EXERCISE PROMPT → Set down, word for word, the line with "Club3d Laptop-Cargador Usb-C" and the lines after it through the final line of the data below, without pictures.

DATASET CONTENT →
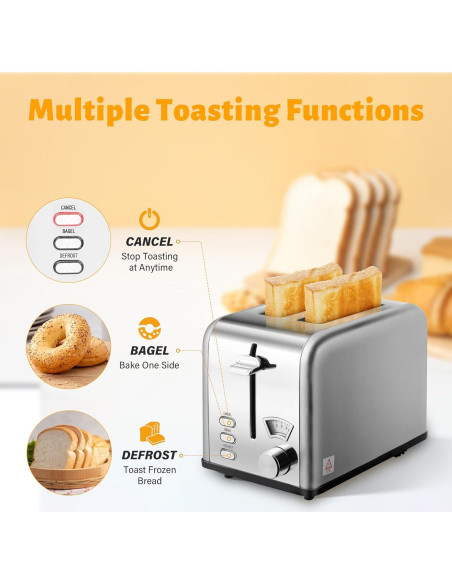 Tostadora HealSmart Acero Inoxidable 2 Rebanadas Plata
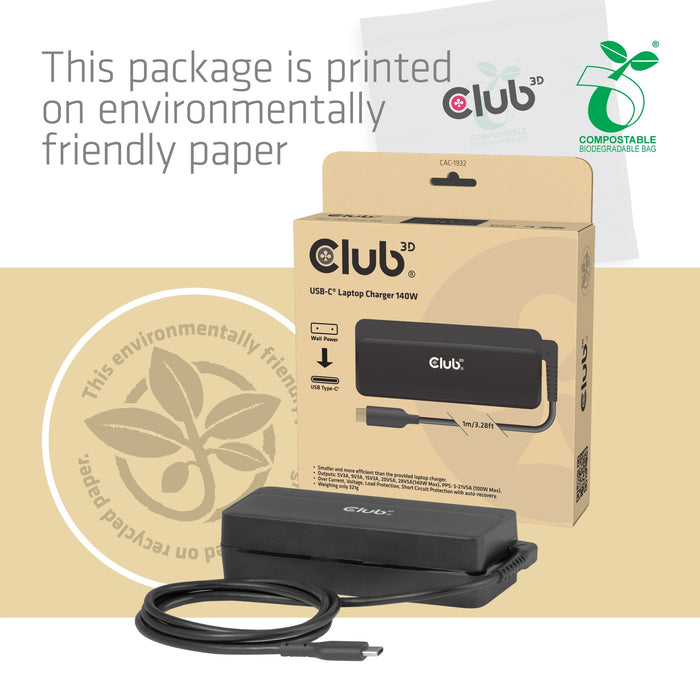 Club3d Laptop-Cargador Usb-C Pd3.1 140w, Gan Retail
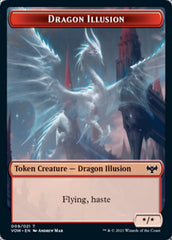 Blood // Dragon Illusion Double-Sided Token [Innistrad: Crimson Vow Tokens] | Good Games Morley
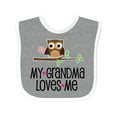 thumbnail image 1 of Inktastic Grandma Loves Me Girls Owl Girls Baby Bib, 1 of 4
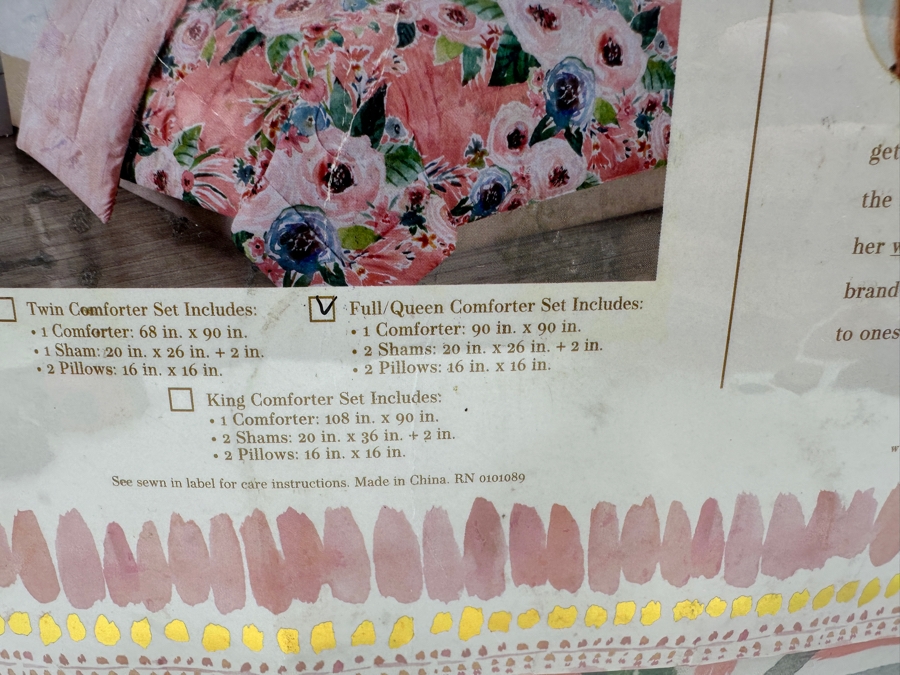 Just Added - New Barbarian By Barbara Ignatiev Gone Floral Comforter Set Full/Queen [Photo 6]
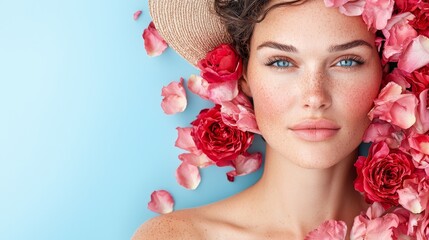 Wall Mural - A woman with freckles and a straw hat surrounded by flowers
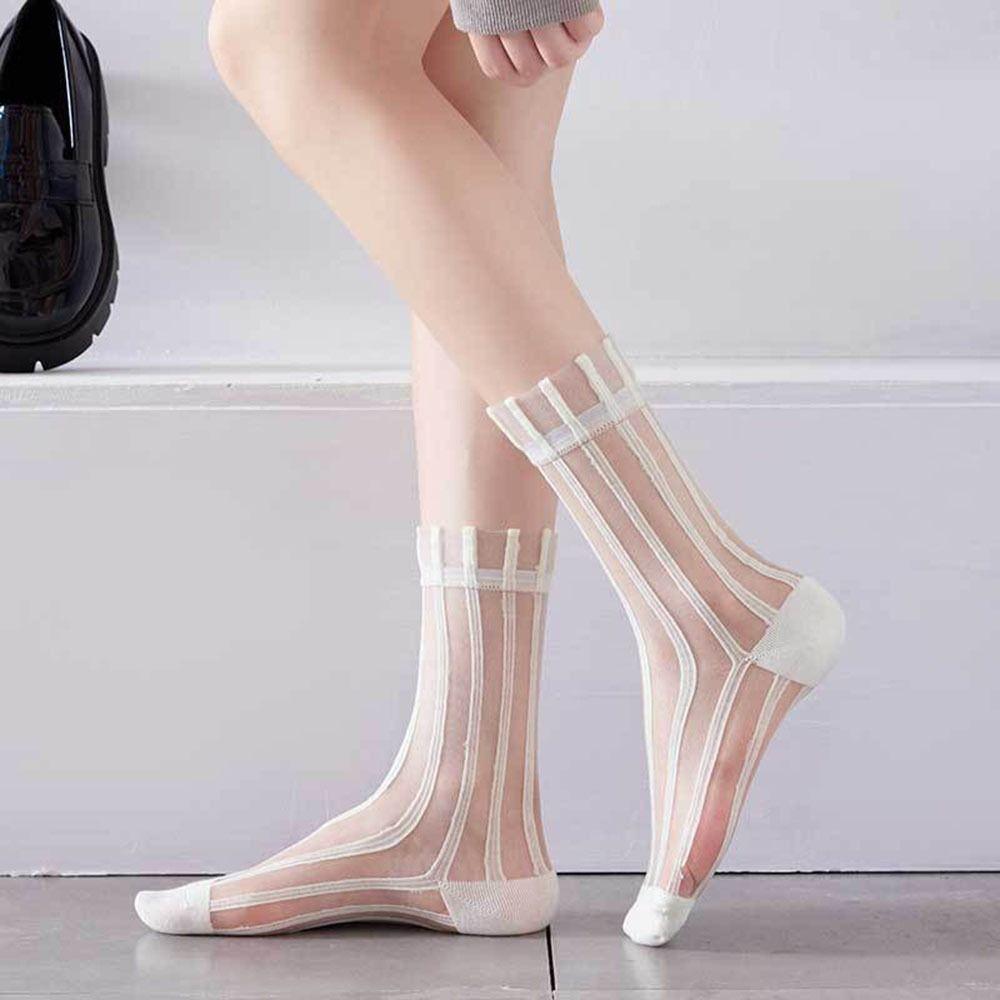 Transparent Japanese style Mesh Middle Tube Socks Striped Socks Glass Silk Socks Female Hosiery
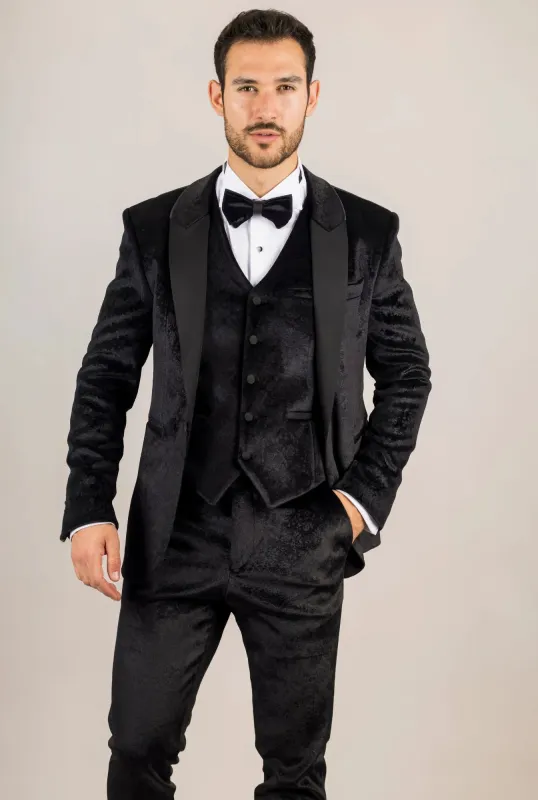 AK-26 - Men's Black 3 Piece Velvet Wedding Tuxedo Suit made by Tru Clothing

RESULT OF THIS EXERCISE →
 Club3d Laptop-Cargador Usb-C Pd3.1 140w, Gan Retail
 Blood // Dragon Illusion Double-Sided Token [Innistrad: Crimson Vow Tokens] | Good Games Morley
 thumbnail image 1 of Inktastic Grandma Loves Me Girls Owl Girls Baby Bib, 1 of 4
 Just Added - New Barbarian By Barbara Ignatiev Gone Floral Comforter Set Full/Queen [Photo 6]
 Wall Mural - A woman with freckles and a straw hat surrounded by flowers
 Transparent Japanese style Mesh Middle Tube Socks Striped Socks Glass Silk Socks Female Hosiery
 AK-26 - Men's Black 3 Piece Velvet Wedding Tuxedo Suit made by Tru Clothing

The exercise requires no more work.